Families and autism advocates say changes being made to services provided at Miriam Home in Montreal discriminate against the most vulnerable.
Electra Dalamagas with Autism Montreal says day programs for profoundly intellectually disabled clients are being cut in favour of providing high-functioning clients that have more potential to learn new skills.
"Individuals with special needs to this degree of disability are going to be staying at home 24 hours a day," she says. "They're going to be parked, they're going to be warehoused."
A Montreal father who would only be identified as Mr. Zalmonov says his 21-year-old daughter on the autism spectrum had progressed while in programming, but now that her services have been cut off she's regressing because she has so little stimulation in her life.
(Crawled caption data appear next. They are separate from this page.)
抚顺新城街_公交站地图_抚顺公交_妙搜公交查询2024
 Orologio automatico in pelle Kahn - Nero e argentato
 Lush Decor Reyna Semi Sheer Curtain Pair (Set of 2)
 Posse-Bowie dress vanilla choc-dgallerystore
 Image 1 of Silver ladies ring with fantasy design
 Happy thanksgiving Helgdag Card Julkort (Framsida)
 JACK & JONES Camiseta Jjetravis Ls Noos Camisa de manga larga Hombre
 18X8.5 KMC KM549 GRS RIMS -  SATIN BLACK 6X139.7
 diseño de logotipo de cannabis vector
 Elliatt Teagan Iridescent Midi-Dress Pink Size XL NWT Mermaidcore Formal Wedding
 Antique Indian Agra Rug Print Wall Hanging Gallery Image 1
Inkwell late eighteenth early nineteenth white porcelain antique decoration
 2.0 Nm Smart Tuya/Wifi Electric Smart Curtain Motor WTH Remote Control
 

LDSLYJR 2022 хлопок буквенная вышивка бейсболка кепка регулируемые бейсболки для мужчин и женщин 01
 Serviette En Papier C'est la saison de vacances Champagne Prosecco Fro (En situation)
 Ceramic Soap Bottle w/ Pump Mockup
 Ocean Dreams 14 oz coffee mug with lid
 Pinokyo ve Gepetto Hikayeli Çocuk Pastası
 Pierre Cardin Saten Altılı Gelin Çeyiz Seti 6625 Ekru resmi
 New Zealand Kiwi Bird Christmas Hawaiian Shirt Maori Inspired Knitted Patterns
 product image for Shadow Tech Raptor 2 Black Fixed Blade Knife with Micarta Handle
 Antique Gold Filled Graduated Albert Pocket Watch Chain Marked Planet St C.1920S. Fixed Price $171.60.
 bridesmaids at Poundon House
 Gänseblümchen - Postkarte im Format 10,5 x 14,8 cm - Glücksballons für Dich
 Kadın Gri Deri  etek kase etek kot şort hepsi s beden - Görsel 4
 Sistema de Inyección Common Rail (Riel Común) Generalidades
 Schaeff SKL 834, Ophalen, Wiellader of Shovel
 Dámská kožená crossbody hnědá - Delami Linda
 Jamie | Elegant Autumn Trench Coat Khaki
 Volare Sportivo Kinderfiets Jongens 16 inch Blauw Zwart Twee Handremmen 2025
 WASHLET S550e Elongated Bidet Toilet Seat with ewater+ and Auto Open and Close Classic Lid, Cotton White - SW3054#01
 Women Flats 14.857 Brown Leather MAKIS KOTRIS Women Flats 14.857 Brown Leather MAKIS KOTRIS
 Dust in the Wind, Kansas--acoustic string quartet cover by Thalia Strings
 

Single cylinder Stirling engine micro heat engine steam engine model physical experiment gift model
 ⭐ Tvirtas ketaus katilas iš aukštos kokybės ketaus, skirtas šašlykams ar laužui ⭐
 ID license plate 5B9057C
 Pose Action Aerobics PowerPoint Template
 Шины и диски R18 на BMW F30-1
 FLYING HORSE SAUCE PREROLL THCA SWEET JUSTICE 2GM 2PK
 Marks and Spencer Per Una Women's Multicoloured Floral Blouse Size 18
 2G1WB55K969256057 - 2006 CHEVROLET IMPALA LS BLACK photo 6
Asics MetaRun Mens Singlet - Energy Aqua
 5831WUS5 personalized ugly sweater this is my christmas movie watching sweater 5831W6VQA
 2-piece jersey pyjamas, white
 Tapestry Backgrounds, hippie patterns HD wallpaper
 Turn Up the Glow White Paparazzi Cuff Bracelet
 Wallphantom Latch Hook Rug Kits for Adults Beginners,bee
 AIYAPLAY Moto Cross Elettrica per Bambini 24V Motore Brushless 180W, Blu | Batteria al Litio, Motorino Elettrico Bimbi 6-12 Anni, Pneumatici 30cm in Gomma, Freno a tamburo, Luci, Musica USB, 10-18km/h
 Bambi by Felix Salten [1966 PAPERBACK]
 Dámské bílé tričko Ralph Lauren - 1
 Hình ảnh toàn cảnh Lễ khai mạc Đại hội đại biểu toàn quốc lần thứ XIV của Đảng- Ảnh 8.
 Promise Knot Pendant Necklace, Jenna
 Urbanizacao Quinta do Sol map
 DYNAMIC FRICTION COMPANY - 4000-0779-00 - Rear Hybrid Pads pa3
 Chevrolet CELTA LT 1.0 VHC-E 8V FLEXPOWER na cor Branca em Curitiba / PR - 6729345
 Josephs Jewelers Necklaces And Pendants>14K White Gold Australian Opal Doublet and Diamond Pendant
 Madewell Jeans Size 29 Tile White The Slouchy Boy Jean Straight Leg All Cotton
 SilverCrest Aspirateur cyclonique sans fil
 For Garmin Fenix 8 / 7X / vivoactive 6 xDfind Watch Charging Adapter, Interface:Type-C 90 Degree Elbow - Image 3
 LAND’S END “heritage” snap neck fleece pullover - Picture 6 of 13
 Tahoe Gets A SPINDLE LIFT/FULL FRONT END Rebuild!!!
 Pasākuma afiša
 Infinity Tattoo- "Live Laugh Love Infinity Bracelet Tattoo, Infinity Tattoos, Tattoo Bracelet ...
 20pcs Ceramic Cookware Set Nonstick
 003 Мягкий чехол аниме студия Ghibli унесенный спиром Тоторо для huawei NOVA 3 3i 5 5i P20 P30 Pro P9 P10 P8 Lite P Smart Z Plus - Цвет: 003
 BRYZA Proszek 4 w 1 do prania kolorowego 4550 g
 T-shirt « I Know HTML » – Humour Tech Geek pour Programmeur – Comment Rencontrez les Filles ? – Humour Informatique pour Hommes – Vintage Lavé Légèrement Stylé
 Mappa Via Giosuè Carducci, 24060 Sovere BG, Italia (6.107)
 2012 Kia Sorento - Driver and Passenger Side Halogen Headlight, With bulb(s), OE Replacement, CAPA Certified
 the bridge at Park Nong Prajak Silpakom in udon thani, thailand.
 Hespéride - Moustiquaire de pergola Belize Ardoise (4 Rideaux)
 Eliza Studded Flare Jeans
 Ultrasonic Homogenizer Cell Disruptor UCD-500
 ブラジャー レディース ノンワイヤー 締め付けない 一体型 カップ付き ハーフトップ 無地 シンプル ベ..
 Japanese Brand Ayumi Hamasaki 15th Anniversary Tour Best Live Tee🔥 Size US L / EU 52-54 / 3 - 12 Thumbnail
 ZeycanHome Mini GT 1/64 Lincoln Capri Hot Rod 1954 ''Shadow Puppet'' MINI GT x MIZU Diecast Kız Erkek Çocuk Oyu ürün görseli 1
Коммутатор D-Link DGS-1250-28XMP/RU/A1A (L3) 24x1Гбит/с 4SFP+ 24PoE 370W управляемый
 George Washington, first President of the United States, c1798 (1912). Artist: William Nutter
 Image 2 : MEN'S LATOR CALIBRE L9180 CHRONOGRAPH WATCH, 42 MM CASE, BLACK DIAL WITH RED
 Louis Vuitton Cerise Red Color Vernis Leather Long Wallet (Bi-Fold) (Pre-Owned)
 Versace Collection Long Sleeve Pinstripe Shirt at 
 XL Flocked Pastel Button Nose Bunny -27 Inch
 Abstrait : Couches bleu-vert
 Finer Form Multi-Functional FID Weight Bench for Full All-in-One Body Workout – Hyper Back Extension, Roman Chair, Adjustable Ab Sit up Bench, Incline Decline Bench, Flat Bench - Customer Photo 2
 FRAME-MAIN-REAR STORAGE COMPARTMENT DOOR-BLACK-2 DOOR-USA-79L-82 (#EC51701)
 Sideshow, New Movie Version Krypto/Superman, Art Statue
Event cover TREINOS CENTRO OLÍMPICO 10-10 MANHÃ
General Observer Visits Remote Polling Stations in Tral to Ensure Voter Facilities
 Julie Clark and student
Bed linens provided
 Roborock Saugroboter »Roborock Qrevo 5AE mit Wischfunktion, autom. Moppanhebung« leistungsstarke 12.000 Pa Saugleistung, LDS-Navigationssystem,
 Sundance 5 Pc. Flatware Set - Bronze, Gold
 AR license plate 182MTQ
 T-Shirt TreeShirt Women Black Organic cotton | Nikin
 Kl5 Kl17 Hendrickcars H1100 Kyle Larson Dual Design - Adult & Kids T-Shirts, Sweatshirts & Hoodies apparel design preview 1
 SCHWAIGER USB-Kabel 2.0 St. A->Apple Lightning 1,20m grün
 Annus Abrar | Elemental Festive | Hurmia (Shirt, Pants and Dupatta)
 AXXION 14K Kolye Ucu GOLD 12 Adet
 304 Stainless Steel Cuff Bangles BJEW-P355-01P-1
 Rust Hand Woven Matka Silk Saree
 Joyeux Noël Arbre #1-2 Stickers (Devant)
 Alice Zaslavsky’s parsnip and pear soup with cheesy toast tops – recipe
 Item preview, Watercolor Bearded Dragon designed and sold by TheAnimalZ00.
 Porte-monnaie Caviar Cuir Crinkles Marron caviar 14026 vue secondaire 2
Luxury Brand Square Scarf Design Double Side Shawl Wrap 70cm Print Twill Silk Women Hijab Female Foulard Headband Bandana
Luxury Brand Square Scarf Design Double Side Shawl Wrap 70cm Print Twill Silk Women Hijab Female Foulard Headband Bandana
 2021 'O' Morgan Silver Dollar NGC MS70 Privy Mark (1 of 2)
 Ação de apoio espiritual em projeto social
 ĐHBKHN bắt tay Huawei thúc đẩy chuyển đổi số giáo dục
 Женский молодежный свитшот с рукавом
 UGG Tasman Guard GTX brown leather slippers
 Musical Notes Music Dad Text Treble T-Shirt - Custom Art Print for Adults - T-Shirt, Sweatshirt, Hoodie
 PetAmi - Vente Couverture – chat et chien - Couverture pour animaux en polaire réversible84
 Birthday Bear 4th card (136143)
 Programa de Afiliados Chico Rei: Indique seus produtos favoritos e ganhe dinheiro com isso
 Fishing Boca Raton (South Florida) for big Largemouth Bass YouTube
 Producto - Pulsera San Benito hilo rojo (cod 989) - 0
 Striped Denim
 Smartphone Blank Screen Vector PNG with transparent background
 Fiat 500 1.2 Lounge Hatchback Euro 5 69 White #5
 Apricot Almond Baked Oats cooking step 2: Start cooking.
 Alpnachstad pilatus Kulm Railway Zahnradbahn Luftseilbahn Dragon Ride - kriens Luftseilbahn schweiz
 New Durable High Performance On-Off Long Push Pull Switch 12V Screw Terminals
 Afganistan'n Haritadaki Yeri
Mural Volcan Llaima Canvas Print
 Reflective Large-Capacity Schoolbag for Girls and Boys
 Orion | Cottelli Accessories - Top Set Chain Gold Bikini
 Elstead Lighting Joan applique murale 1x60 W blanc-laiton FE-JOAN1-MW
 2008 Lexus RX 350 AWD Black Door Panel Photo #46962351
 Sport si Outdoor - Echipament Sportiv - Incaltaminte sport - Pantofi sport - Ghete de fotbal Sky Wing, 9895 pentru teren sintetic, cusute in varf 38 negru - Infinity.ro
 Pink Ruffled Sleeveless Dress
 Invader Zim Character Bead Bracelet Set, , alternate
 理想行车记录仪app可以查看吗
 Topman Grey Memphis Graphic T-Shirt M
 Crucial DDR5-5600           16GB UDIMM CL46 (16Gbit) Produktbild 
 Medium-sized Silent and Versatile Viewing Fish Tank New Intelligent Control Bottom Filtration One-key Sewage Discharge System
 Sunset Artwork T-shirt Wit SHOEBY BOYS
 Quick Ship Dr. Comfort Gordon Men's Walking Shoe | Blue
"She's not eating, she's not walking, she stopped communicating, she became aggresive," he says. "It was not like this, it was not like this, but this is where we are now... she's in this place, she doesn't go out, she's like an animal."
Dalamagas says it's unethical to cut services from the most severely disabled to favour others.
"It's a slippery slope when the government is invoking the deserving disabled versus the undeserving disabled."
Francine Dupuis, with the Centre Ouest CIUSSS, the regional health board, says the government is telling them they need to make the change but she says nothing will happen this year and that they'll be working with families to find solutions.
"We will look at one by one what their needs are and we will come to an agreement with these families and these people, individually," she told CJAD 800 News.